Solar technology is more reliable, more efficient and more affordable than ever. As some Canadians opt to harness the power of the sun, let's look at some of the advantages and disadvantages of going solar in 2019.
Things to consider
Unlike sunny California, Canada has long winters and fewer hours of sun during the colder months, making nuclear and hydroelectric power dominant in the Canadian power market. Although large-scale solar panels aren't always viable, there's ample opportunity to harness the power of solar at home all year, especially if you have a large roof with great sun exposure.
According to installer Adam Coughlin from Bison Solar, the broader and flatter your roof, the better. Steep or complete roofscapes aren't as conducive to solar panels.

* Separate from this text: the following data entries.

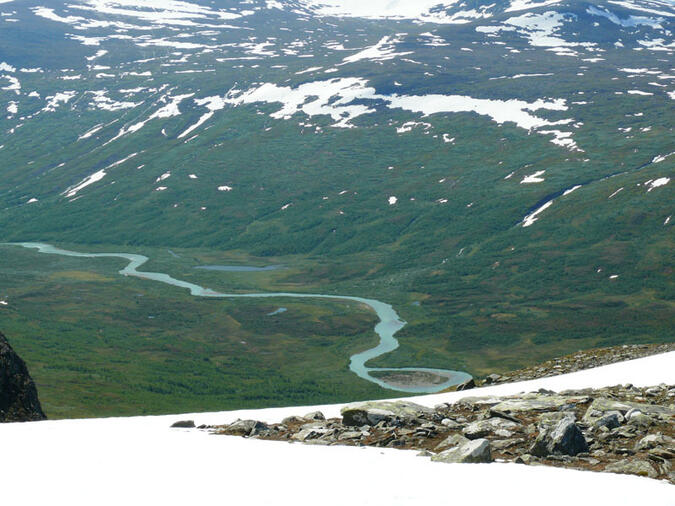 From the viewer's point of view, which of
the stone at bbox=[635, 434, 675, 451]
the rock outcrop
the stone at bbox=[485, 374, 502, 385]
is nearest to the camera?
the stone at bbox=[635, 434, 675, 451]

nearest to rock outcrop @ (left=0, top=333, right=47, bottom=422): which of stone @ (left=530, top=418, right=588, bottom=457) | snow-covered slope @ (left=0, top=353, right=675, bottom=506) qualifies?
snow-covered slope @ (left=0, top=353, right=675, bottom=506)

If you have land to spare, you can install numerous or larger solar cells mounted on poles, for larger Kilowatt (kW) returns. The output power cable will have to be trenched back to the property to hook up with the main power feed.
Costs and savings
The upfront cost of installing solar panels is its biggest deterrent. While there's is no federal government rebate or tax incentive for installing solar panels, there are a handful of provincial and regional incentives to help with installation costs and offering rebates by selling your power back to the grid. Even with incentives and rebates, the initial costs can range from $15,000 – $25,000 depending on the size of the system. However, these costs have greatly improved over the years and are only poised to get better thanks to innovative technology.
“The price of solar has come way down from the olden days,” Paige Campbell, a Canadian who works for a company offering solar services around the world said. “There are amazing quality panels coming from Asia, which are in the $100s now and not $1,000s.”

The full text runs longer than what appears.